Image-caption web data
◆ ◆ ◆ ◆ ◆ ◆ ◆

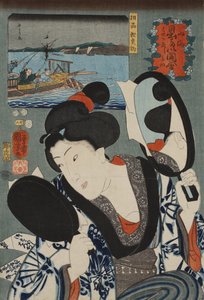 Vissen op bonito in de provincie Sagami, uit de serie Voorspoedige verlangens op land en zee, 1852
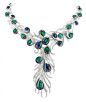 Sapphire, Emerald and Diamond Elegant Feathers Necklace from Gilan's “Journey to Dreams” collection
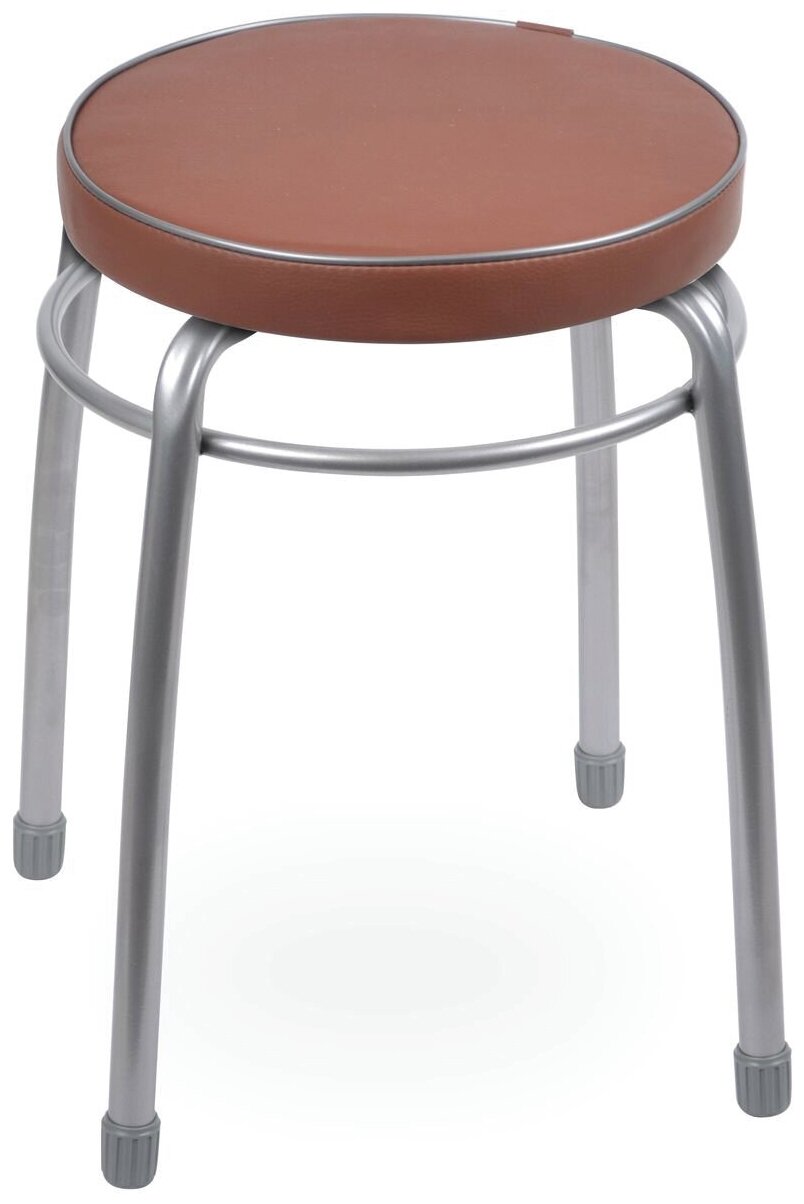 Табурет "фабрик 1" мягкое круглое сиденье D=32 СМ (1/5) коричневый ТФ01 "НИКА"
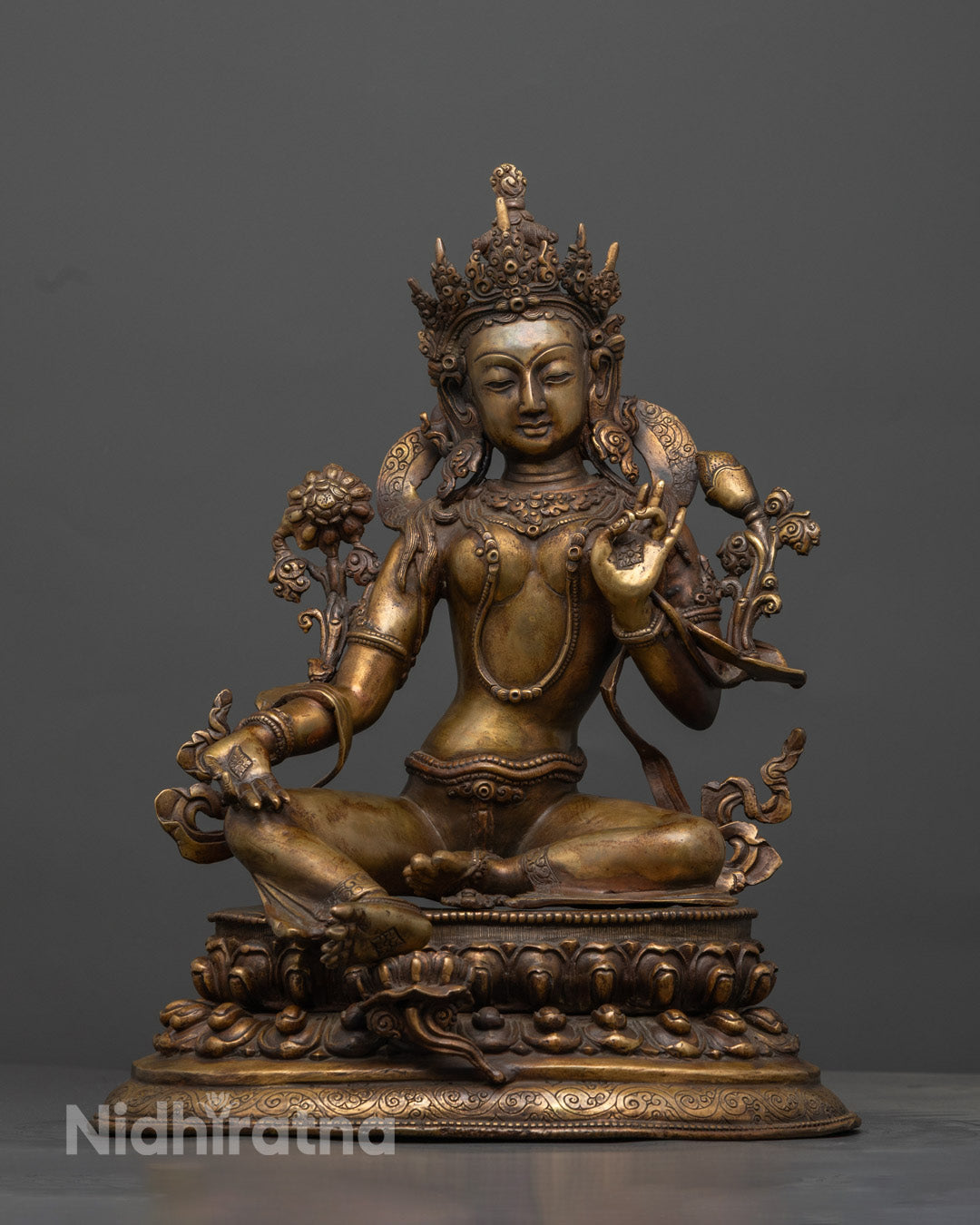 Green Tara Oxidized Bronze Plated Statue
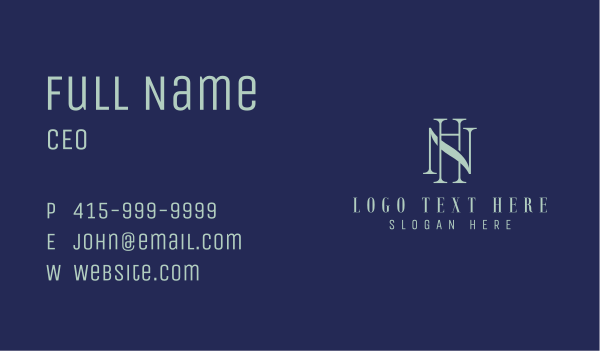 Insurance Firm N & H  Business Card Design Image Preview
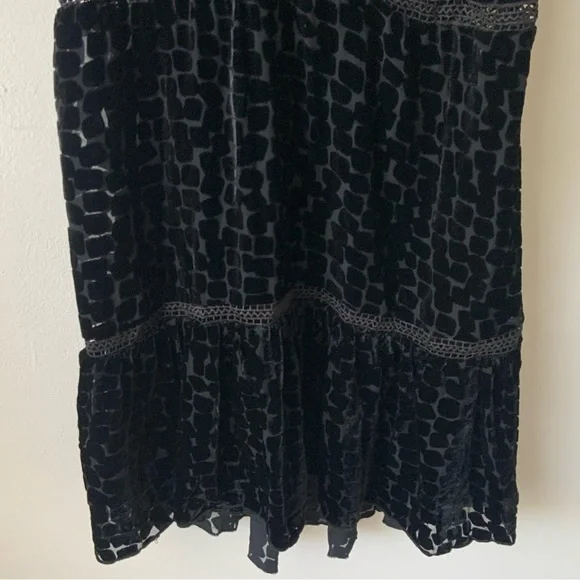 STONE COLD FOX Virgo Burnout Silk Velvet Dress Textured Plunge Black Size XS/S - Picture 8 of 15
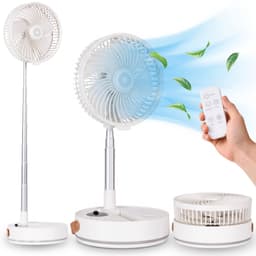 Aironex Opvouwbare Draagbare Ventilator – Stille Tafelventilator & Staande Ventilator – USB Oplaadbaar en Draadloos met LED-licht – Compacte Mini Ventilator voor Bureau, Slaapkamer, Thuis, Kantoor & Camping - Ventilatoren — thumbnail 1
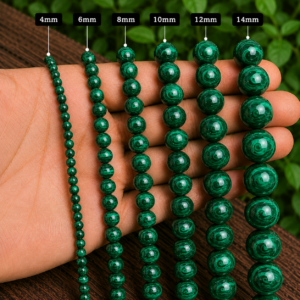 Malachite Faceted Loose Beads Round 15 Inch Strand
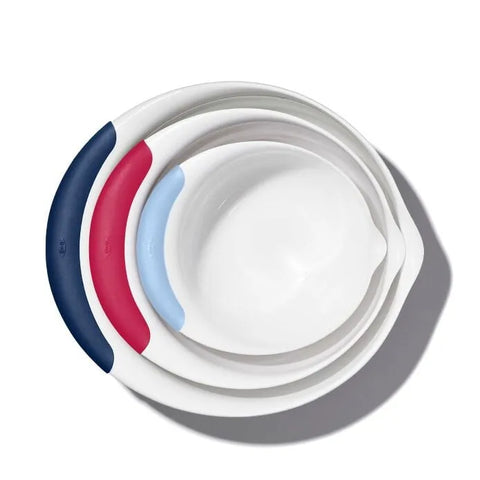 3 Piece Mixing Bowl Set New Colored Handles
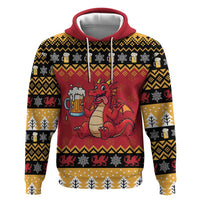 Carmarthenshire Wales Christmas Hoodie Funny Welsh Red Dragon Beer Xmas - Wonder Print Shop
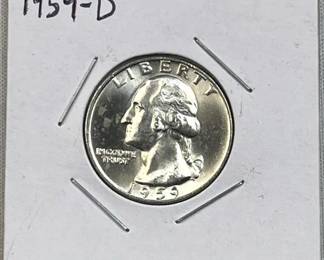 1959-D Silver Washington Quarter Gem Unc. 90%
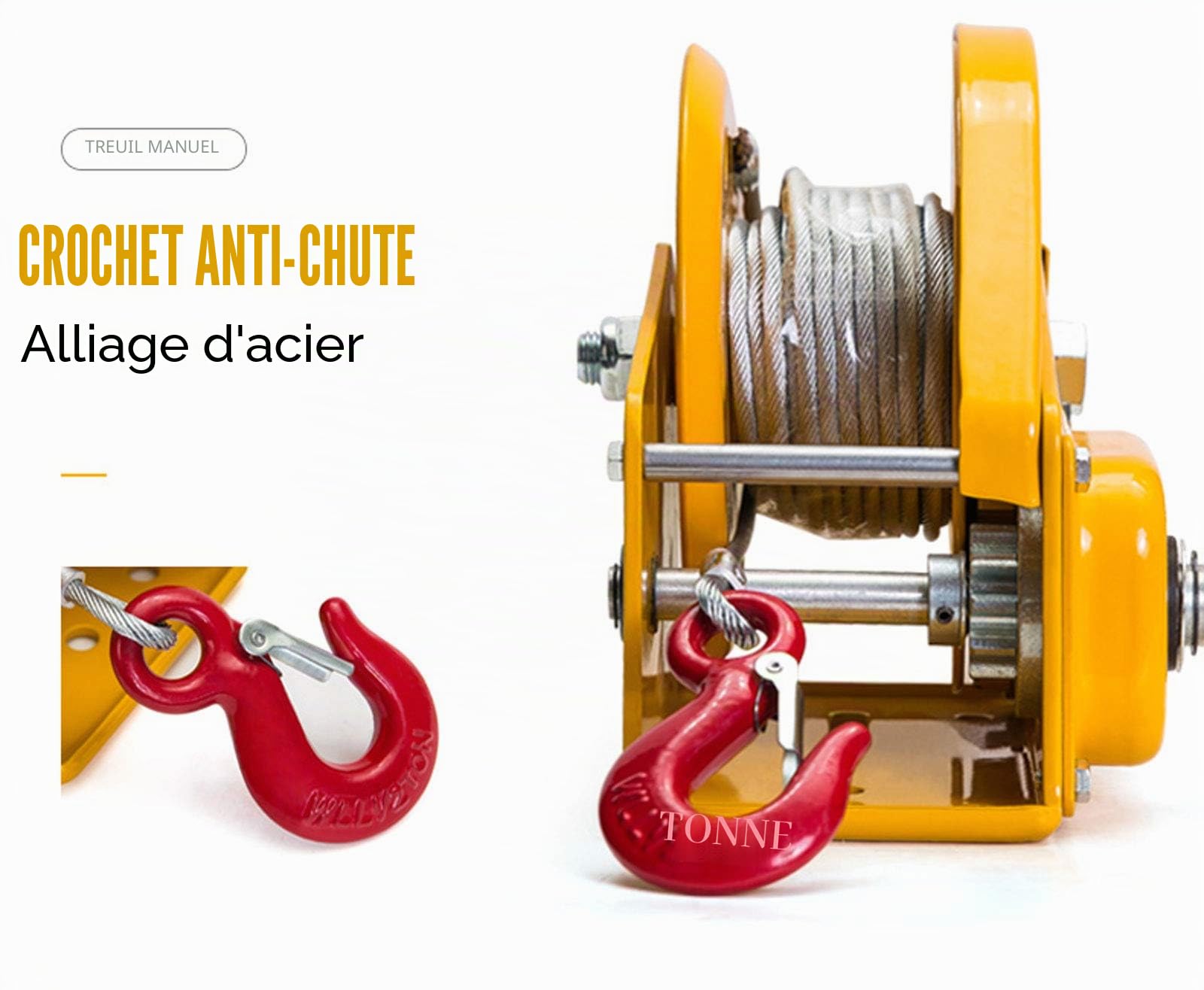 LXYYSG Treuil Manuel Robuste, Treuil de Halage Autofreiné Multifonction La Coque en Acier Protège Le Cliquet Interne, Treuil Main pour Remorques de Bateau Camions Auto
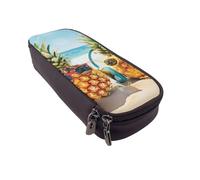 Beach Two Pineapples Sea Printed Leather Flip Pencil Case - Multifunctional Organizer for School, Office & Travel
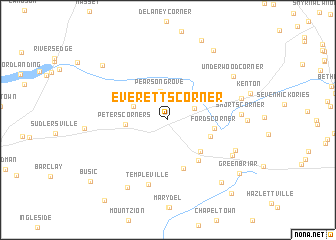 map of Everetts Corner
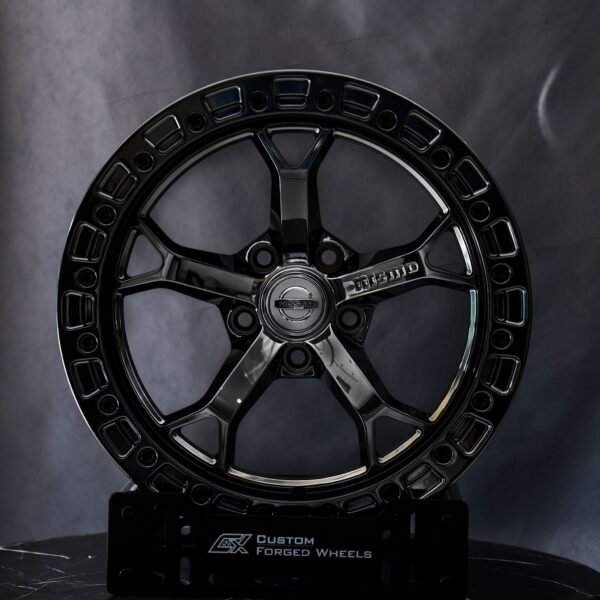 Nissan GT-R wheels – Nissan Nismo Black Chrome 5-Spoke Beadlock, front view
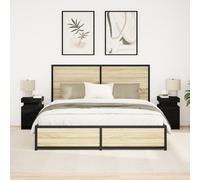 Table De Chevet Vidaxl Avec Lumières Led 2 Pcs Chêne Noir 35x39x55 Cm Noir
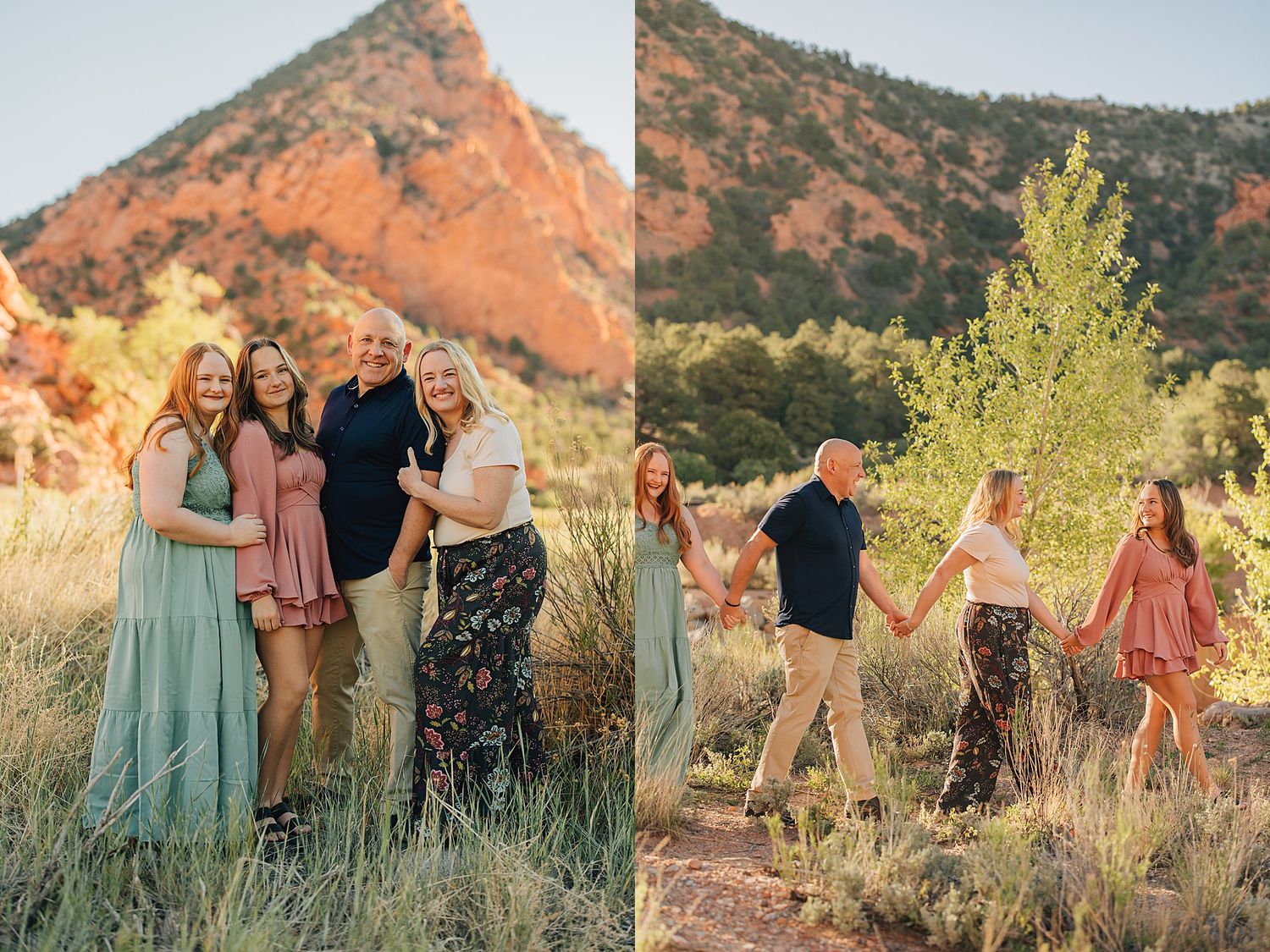 Family of four poses and walks hand-in-hand among red rock formations and green meadows during golden hour outdoor session.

◆ ◆ ◆ ◆ ◆ ◆ ◆

# Assignment
All the lines above must be written out exactly, without a single picture.

# Exercise response
 Vissen op bonito in de provincie Sagami, uit de serie Voorspoedige verlangens op land en zee, 1852
 Sapphire, Emerald and Diamond Elegant Feathers Necklace from Gilan's “Journey to Dreams” collection
 Табурет "фабрик 1" мягкое круглое сиденье D=32 СМ (1/5) коричневый ТФ01 "НИКА"
 Green Tara Oxidized Bronze Plated Statue
 Insurance Firm N & H  Business Card Design Image Preview
 STONE COLD FOX Virgo Burnout Silk Velvet Dress Textured Plunge Black Size XS/S - Picture 8 of 15
 Aironex Opvouwbare Draagbare Ventilator – Stille Tafelventilator & Staande Ventilator – USB Oplaadbaar en Draadloos met LED-licht – Compacte Mini Ventilator voor Bureau, Slaapkamer, Thuis, Kantoor & Camping - Ventilatoren — thumbnail 1
 Malachite Faceted Loose Beads Round 15 Inch Strand
 3 Piece Mixing Bowl Set New Colored Handles
 Carmarthenshire Wales Christmas Hoodie Funny Welsh Red Dragon Beer Xmas - Wonder Print Shop
 1959-D Silver Washington Quarter Gem Unc. 90%
 LXYYSG Treuil Manuel Robuste, Treuil de Halage Autofreiné Multifonction La Coque en Acier Protège Le Cliquet Interne, Treuil Main pour Remorques de Bateau Camions Auto
 Beach Two Pineapples Sea Printed Leather Flip Pencil Case - Multifunctional Organizer for School, Office & Travel
 map of Everetts Corner
 Nissan GT-R wheels – Nissan Nismo Black Chrome 5-Spoke Beadlock, front view
 Table De Chevet Vidaxl Avec Lumières Led 2 Pcs Chêne Noir 35x39x55 Cm Noir
 Family of four poses and walks hand-in-hand among red rock formations and green meadows during golden hour outdoor session.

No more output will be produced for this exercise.